In an embodiment, a different base of numerical representation may be employed, for example the signals may be encoded in base 3. A 03 value could be encoded by no movement, a 13 value could be encoded by a downhole movement, and a 23 value could be encoded by an uphole movement. One skilled in the art will readily appreciate that, likewise, other numerical bases may be employed to encode the communication signals, all of which are contemplated by the present disclosure.

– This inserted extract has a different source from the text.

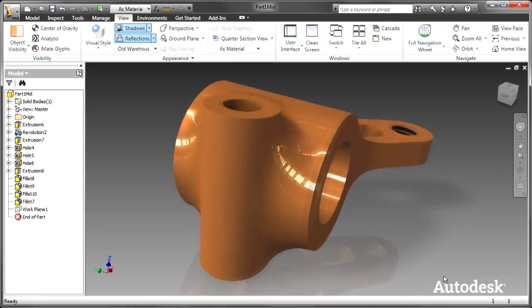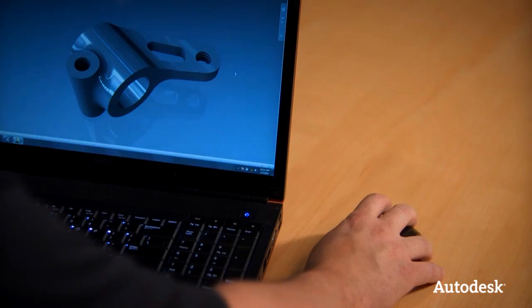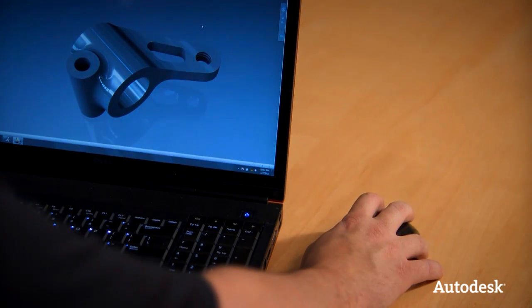Did you see that? I just called it G2 Variable Radius Fillet. How about that? I just started a sketch, all the while while you were trying to adjust your eyes to the screen. Oh, how about that one? I just messed up, but you didn't see it, because the undo is right on my cursor.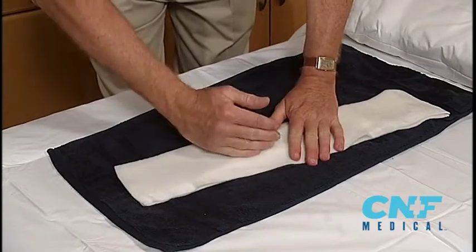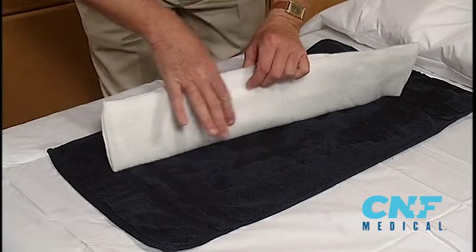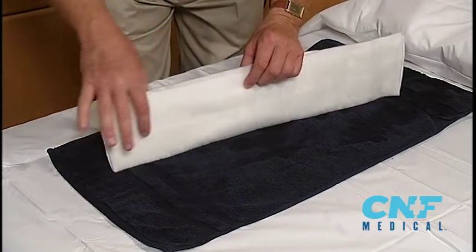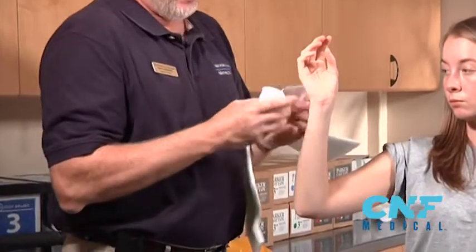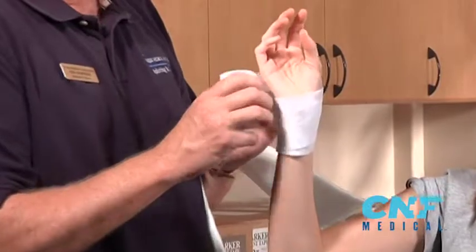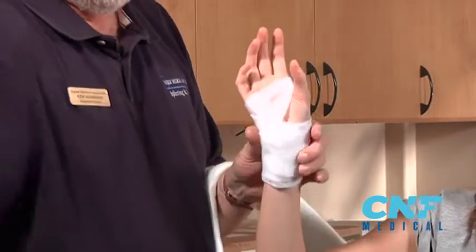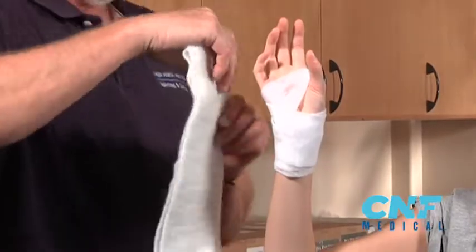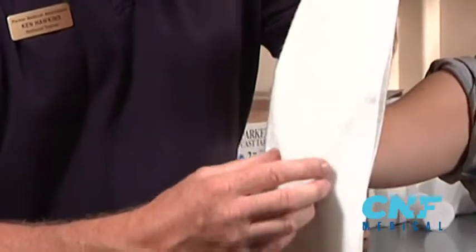Because you fold it this way, make sure this smooth side goes to the patient. You have that ridge on the other side — you want the smooth side to the patient. Now remember to pad any bony prominence. Loosely three or four times, come through the hand just one time. Place it back on the patient, making sure that hourglass goes right at the middle of the elbow.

In some embodiments, moving the workstring 18 in the wellbore 12 to transmit the first discrete value means moving the workstring 18 with at least a threshold velocity uphole or downhole, and holding the workstring 18 steady in the wellbore 12 to transmit the second discrete value means keeping the uphole and downhole velocity of the workstring 18 less than a threshold velocity. The first signal is transmitted by manipulating the workstring 18 in the wellbore 12 to send a sequence of discrete values. It is understood that, in an embodiment, transmitting the first signal is understood to comprise generating mechanical vibration proximate the first downhole tool 32 at least in part by moving contact between portions of the workstring 18 and the wellbore 12. In another embodiment, transmitting the first signal is understood to comprise generating an acoustic signal by motion of the workstring 18 relative to the wellbore 12. In an embodiment, before transmitting the first signal, the workstring 18 may be manipulated in the wellbore 12 proximate to the surface to sending a framing signal, for example a regular pattern of 1's and 0's, to promote the signal receiving subassembly 34 synchronizing to the discrete symbol frame time being observed at the surface.
At block 106, the first signal is received by the signal receiver subassembly 34. In an embodiment, the first signal may be received by the signal receiver subassembly 34 as at least one of an indication of velocity of the workstring 18 proximate to the first downhole tool 32 and an indication of the mechanical vibration incident upon the first downhole tool 32. In some contexts it may be said that the first signal is generated by contact between the workstring 18 and the wellbore 12. In another embodiment, however, contact between the workstring 18 and the wellbore 12 is not required to generate an acoustic signal that may be relied upon to decode the signal transmitted from the surface.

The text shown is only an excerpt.